SLO target reference
| SLO target | Allowed downtime / month |
|---|---|
| 99.9% | 43.2 min |
| 99.95% | 21.6 min |
| 99.99% | 4.32 min |
| 99.999% | 25.9 sec |
For any SLO S and a 30-day month, the allowed downtime in minutes is (1 - S) * 30 * 24 * 60. The query below makes the table reproducible at any granularity.
SELECT
slo,
(1 - slo) * 30 * 24 * 60 AS allowed_downtime_min_per_month,
(1 - slo) * 30 * 24 * 60 * 60 AS allowed_downtime_sec_per_month
FROM (VALUES (0.999), (0.9995), (0.9999), (0.99999)) AS t(slo);Most B2B services land on 99.9% or 99.95% — the bar that justifies a dedicated on-call without outsized infrastructure cost. Payments, fraud, and critical health-tech land on 99.99%. Five nines is reserved for protocols where failure is regulatory or life-critical, and even then most teams split the service into layers with different SLOs.
Common pitfalls
The first pitfall is treating time-based availability as the answer when the customer experience is request-shaped. A service can be "up" — the load balancer answers a TCP handshake — while half the database connections time out, and a time-based number marks that healthy. Default to request-based for any customer-facing service and reserve time-based for infrastructure components where binary framing fits.

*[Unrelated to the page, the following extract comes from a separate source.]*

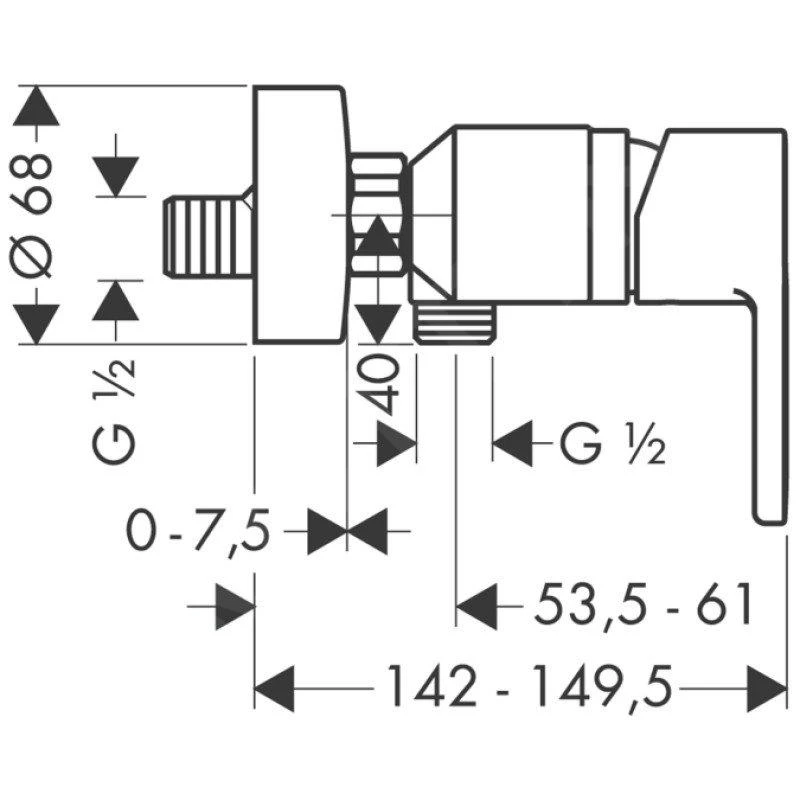 Hansgrohe Metris S - Eengreeps Douchemengkraan, Chroom 31660000 - Afbeelding 2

The second pitfall is excluding planned maintenance from downtime. The argument sounds reasonable — "we told customers in advance" — but the customer who hits a maintenance page at 11 p.m. on Tuesday does not care about the announcement. Industry standard, codified in the Google SRE book and Amazon's public SLAs, is to count planned maintenance against the budget.
The third pitfall is probing from a single location. Six months after a team sets up synthetic monitoring against one cloud region, a regional DNS outage takes down customer traffic in three of five regions, the probe sails through, and the dashboard claims 100% availability through a thirty-minute incident. The fix is multi-region probes — at minimum three geographically distributed points — and a query that surfaces the worst region alongside the average.
The fourth pitfall is mixing synthetic probes with real user traffic in the same number. Synthetic probes are cheap, predictable, and biased: they hit curated endpoints with retry logic real users do not have. If you average synthetic with real traffic, the synthetic side inflates the number. Track both, surface both, never blend.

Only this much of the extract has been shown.